Less understandable is Julia’s attachment to self-absorbed political activist Theo d’Uccello, whom she meets as a young woman in Argentina: “He had an opinion on every subject under the sun, because even when his knowledge of something was superficial, he could support it with convincing remarks.” Betancourt skillfully elaborates how Julia and Theo become involved in the opposition to Argentina’s military junta. Eventually, Julia and Theo are “disappeared” with other political prisoners. The author writes convincingly hellish scenes, such as when an officer nicknamed El Loco prepares Julia for electric shock by tying her toes with wires to a bed. Once the torture starts, “A black hole, and then her whole being shattered under the pressure of millions of needles speeding through her veins in an endless circuit running from her head to her toes and back again.”
Although Betancourt’s captivity with terrorists in the Colombian jungle was not the same as Julia’s, the loss of freedom and control over one’s own body and movements certainly has parallels. That an author who underwent so many years of suffering would choose to immerse herself in yet another terrible chapter of human history is thought-provoking.
With more flashbacks and flash forwards, Betancourt creates a complex, often disturbing story. After they are released from prison and leave Argentina, Theo never tries to track down Julia — or their child. Years later, when father, mother, and son are together, Ulysses asks, “We’d like to know why you didn’t look for us. My mother spent thirty years searching the whole world for you.” But the real unanswered mystery is why an intelligent, astute woman like Julia would sacrifice so much of her own happiness to hunt for Theo and later reunite with him in an unhappy marriage. Her loyalty is repaid by Theo having an affair with the young woman from Julia’s vision, who turns out to have mysterious connections to Argentina.

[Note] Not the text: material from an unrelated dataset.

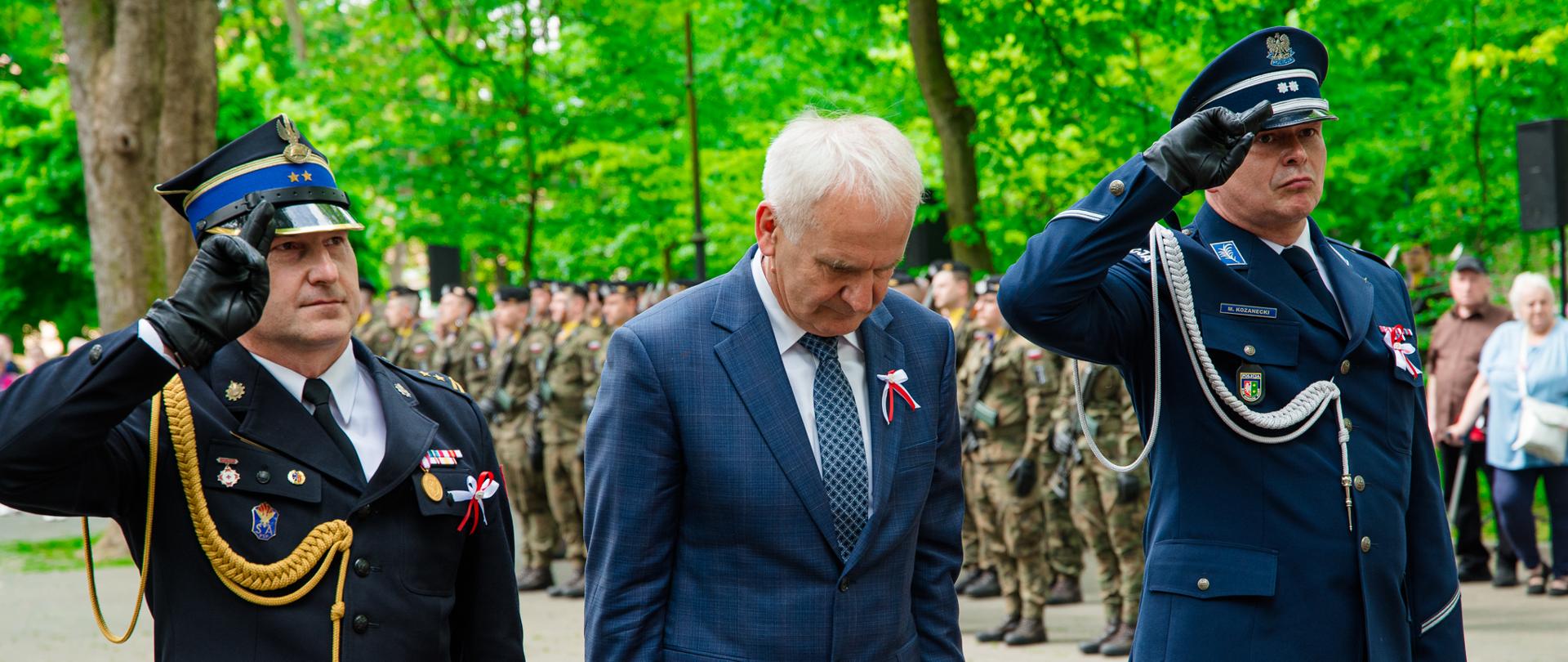 grupa ludzi składająca kwiaty pod pomnikiem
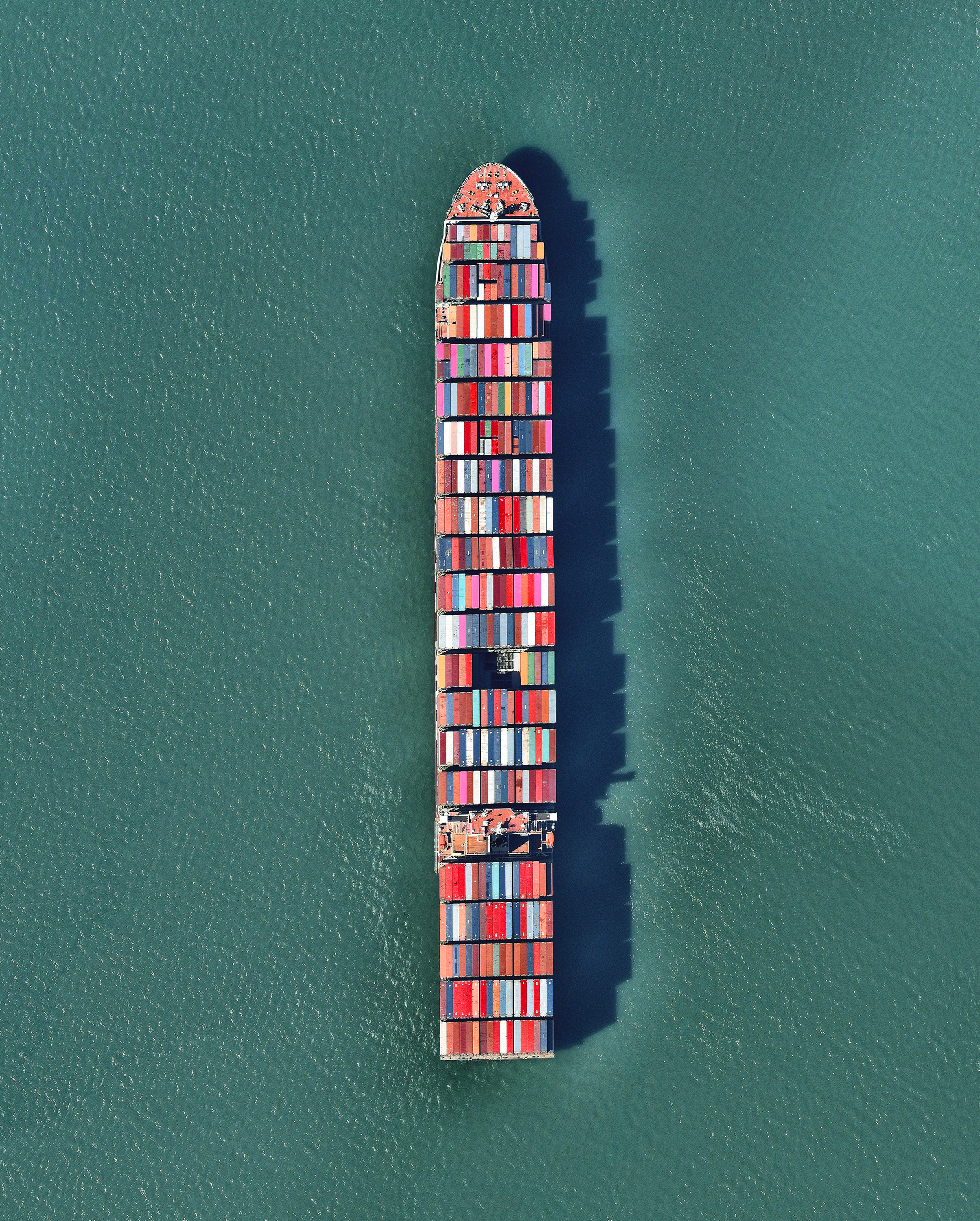 A ship full of containerized cargo navigates San Francisco Bay, located between San Francisco and Oakland, California. Due to San Francisco's limited real estate, Oakland has served as the primary Bay Area port since the 1960s. The Port of San Francisco handled no containerized cargo in 2017, whereas the Port of Oakland had a throughput of nearly 2.5 million twenty-foot equivalent units (TEUs) that year. 37°46'01.3"N, 122°20'58.3"W Source imagery: Nearmap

Out of that affair comes a cloak-and-dagger plot development that is unfortunately less convincing than the novel’s magical realism.
Readers expecting a note of redemption toward the end of the book will also be in for a disappointment. Haunted by his own torture and his brother Gabriel’s execution, Theo “had spent thirty years driven by hatred, obsessed with revenge. Even Julia hadn’t been able to set him free.” But despite any unevenness, the power of the book lies in Betancourt’s ability to remind readers of the real cost of atrocity, in this case perpetuated by the state, and to resurrect a sense of moral outrage. In the The Blue Line, freeing one’s self from past trauma often seems tragically out of reach.
Laura Albritton is a writer in Miami.